MATERIAL SHOWN -

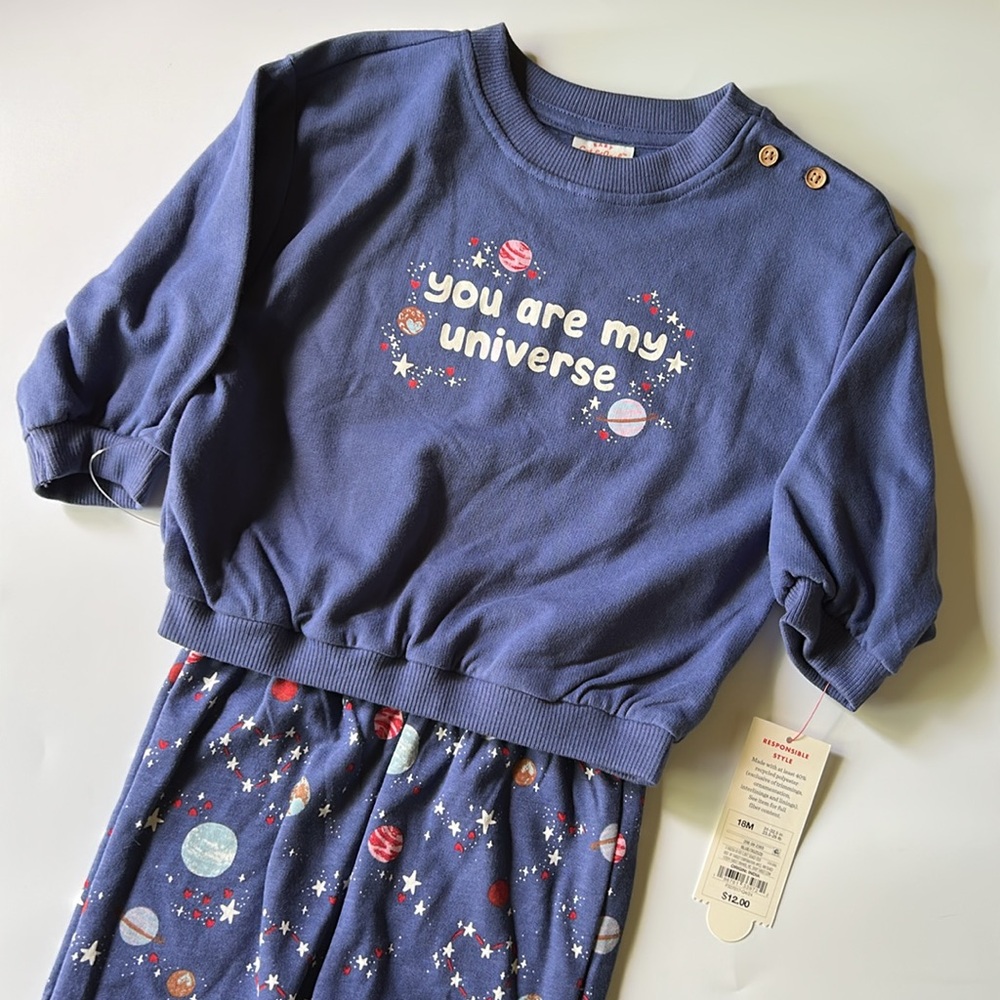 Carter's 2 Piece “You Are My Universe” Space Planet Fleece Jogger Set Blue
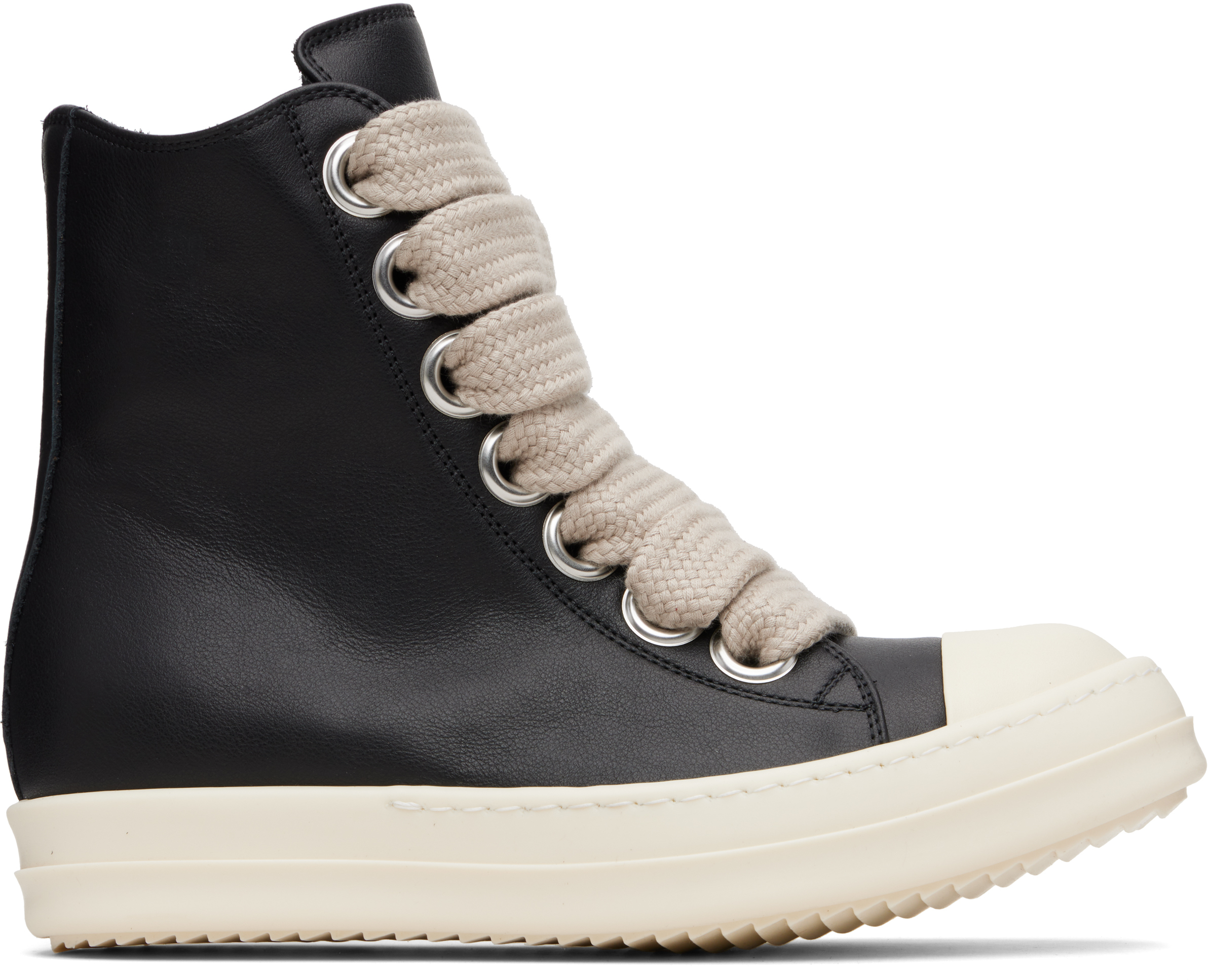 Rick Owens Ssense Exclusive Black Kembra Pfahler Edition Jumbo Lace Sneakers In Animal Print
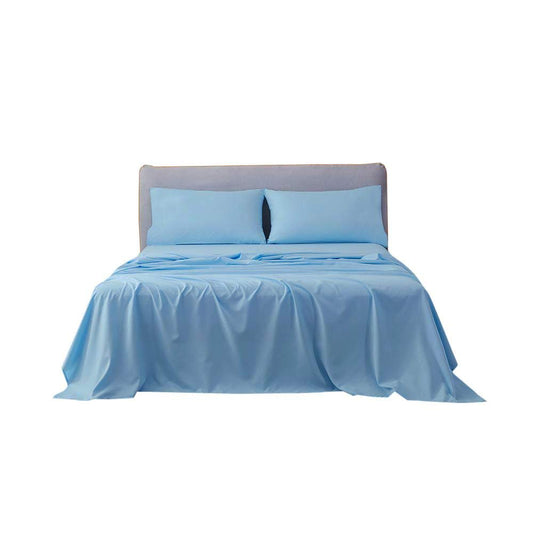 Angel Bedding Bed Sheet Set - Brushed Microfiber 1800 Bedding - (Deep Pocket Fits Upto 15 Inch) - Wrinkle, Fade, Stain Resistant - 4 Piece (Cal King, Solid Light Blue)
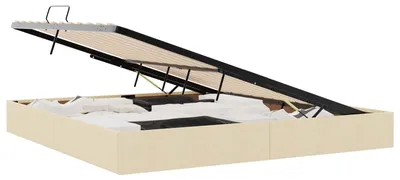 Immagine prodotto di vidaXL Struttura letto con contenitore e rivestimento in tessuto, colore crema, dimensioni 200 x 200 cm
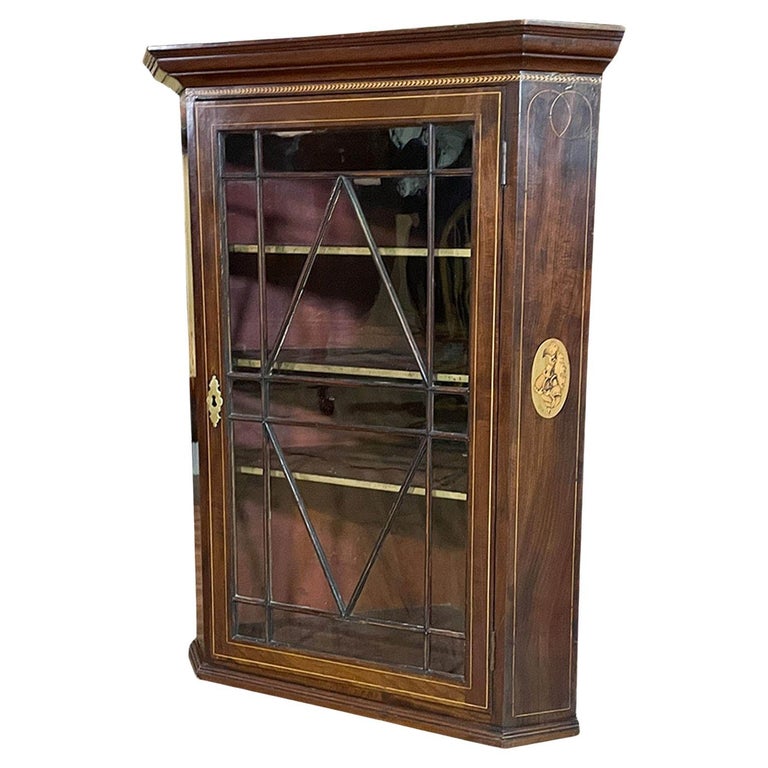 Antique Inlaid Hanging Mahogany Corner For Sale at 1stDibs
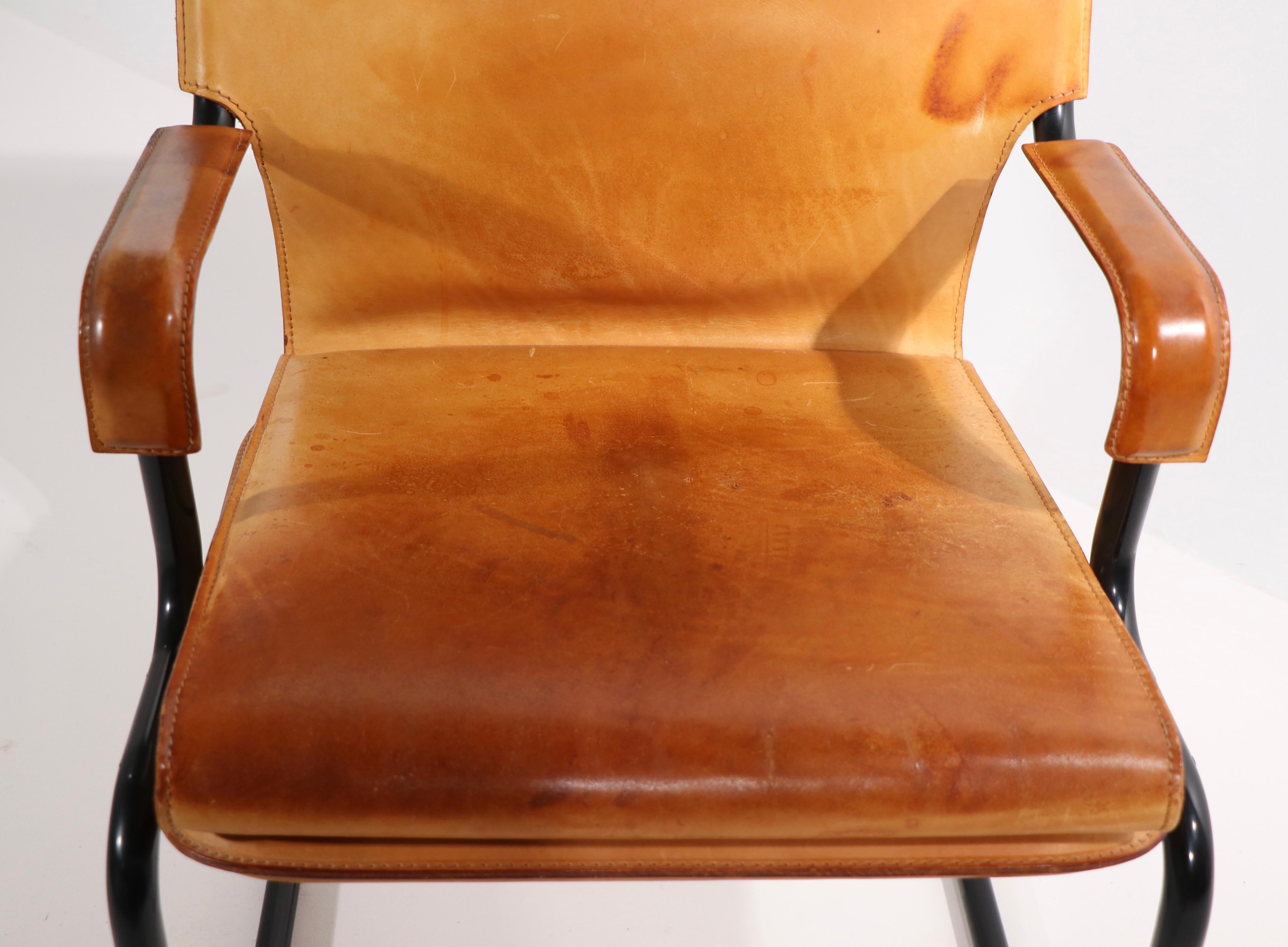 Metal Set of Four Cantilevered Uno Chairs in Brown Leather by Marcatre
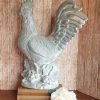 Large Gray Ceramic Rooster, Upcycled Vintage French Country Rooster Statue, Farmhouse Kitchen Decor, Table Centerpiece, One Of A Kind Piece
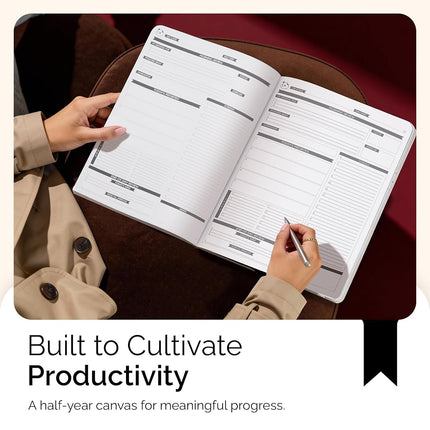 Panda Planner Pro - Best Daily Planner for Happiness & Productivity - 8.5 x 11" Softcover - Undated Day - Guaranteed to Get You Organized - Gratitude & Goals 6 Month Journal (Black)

TASK GOAL -
Repeat the entries exactly as they are given, leaving out each image.

RESPONSE TO THIS TASK -
 Carter's 2 Piece “You Are My Universe” Space Planet Fleece Jogger Set Blue
 Rick Owens Ssense Exclusive Black Kembra Pfahler Edition Jumbo Lace Sneakers In Animal Print
 Angel Bedding Bed Sheet Set - Brushed Microfiber 1800 Bedding - (Deep Pocket Fits Upto 15 Inch) - Wrinkle, Fade, Stain Resistant - 4 Piece (Cal King, Solid Light Blue)
 Immagine prodotto di vidaXL Struttura letto con contenitore e rivestimento in tessuto, colore crema, dimensioni 200 x 200 cm
 Antique Inlaid Hanging Mahogany Corner For Sale at 1stDibs
 Metal Set of Four Cantilevered Uno Chairs in Brown Leather by Marcatre
 Large Gray Ceramic Rooster, Upcycled Vintage French Country Rooster Statue, Farmhouse Kitchen Decor, Table Centerpiece, One Of A Kind Piece
 Panda Planner Pro - Best Daily Planner for Happiness & Productivity - 8.5 x 11" Softcover - Undated Day - Guaranteed to Get You Organized - Gratitude & Goals 6 Month Journal (Black)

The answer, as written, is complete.